Before we start, there is some news PlayStation owners should know. The 2D side-scroller title from Roll7 Studios will release on the PS4 on February 2. The announcement was made by John Ribbins, Creative Director at Roll7 Studios, on the PlayStation Blog. There you go! Have fun playing probably the most highly (and purposely) pixelated game on your latest-gen console.

According to Ribbins, Not a Hero has decided to revive the “black and white” era of the Internet of 2012. He also wrote in the blog that games in that year used to come in 3.5-inch floppy disks. Now we don’t know what world Ribbins lives in, but in 2012, the world had more-than-capable storage devices and CDs, and games were colored.
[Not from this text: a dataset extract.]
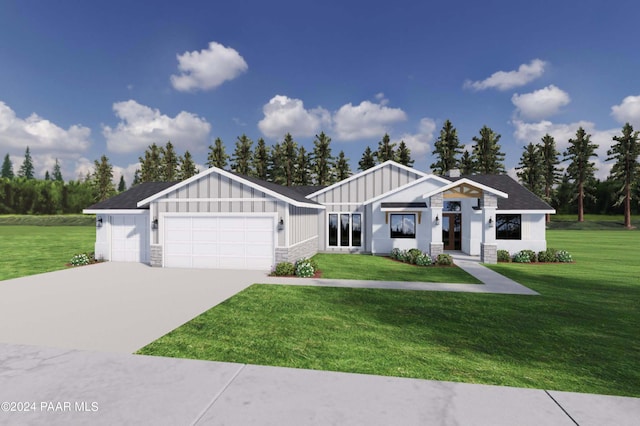 view of front of property featuring a front yard and a garage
But if it was a joke, might we say it was a bad one?

Anyway, let’s now discuss why the heck Not a Hero is coming to Xbox One and PS4 at all.

Not a Hero obviously belongs to the retro genre of games that was the hype somewhere between 2000 and 2006 (and certainly not 2012). The technology today surely surpasses the genre, but it doesn’t mean that games cannot be added to it. Most of us grew up playing games like Pitfall, Dave, Megaman, Mario, etc.; a true gamer will appreciate any new retro game regardless of when it is released.

The question is whether or not Roll7’s latest title should release on the PS4 and Xbox One, and whether it would be worth purchasing. Here is a gameplay video of Not a Hero; judge for yourself.

PS4 and Xbox One are latest-gen consoles, geared well enough to support AAA titles such as Fallout 4, Witcher 3, the COD series, and, well, you get the picture. Even playing a title like Ori and the Blind Forest on a PS4 and Xbox One makes sense for a gamer. Ori is a 2D game with all the brilliant visuals and gorgeous themes, which was probably not possible a few years back. Ask yourself; is it worth purchasing a game like Not a Hero for around $40 (the probable price on the PS4 and Xbox One) for your consoles? Take a look at these gameplay screenshots; you’ll know what you’re spending on:

All said and done, there’s another side to the story; let’s go back into the era of those larger-than-life arcade machines with joysticks and a few buttons. Games like Metal Slug, Mario, and Megaman still tingle our fancies; in fact, most of us would flock to an arcade offering any one of those titles.

As far as the storyline and plot are concerned, Roll7 has gone far enough. The game is clearly stated to be a 2D side-scroller, cover-based game; it provides a good set of game mechanics, where the protagonist has to take cover behind obstacles and time his bullets. For a large chunk of the gaming community, that is pretty addictive gameplay.

Back then, an arcade machine was the “latest tech.” So maybe, playing Not a Hero on latest consoles isn’t that a big deal. Really, there doesn’t need to be a reason for a game to be worth playing or buying. As we said earlier, a true gamer would take out the best in a game like Not a Hero, and play the living daylight out of it, just because they want to.

No, we won’t claim the game can equal other titles coming out these days on the PS4 and Xbox. Roll7’s decision to release it on Windows and Mac is pragmatic; a lot of us will be more inclined to purchase it from Steam and play on our PCs. The Nintendo 3DS version qualifies perfectly as well.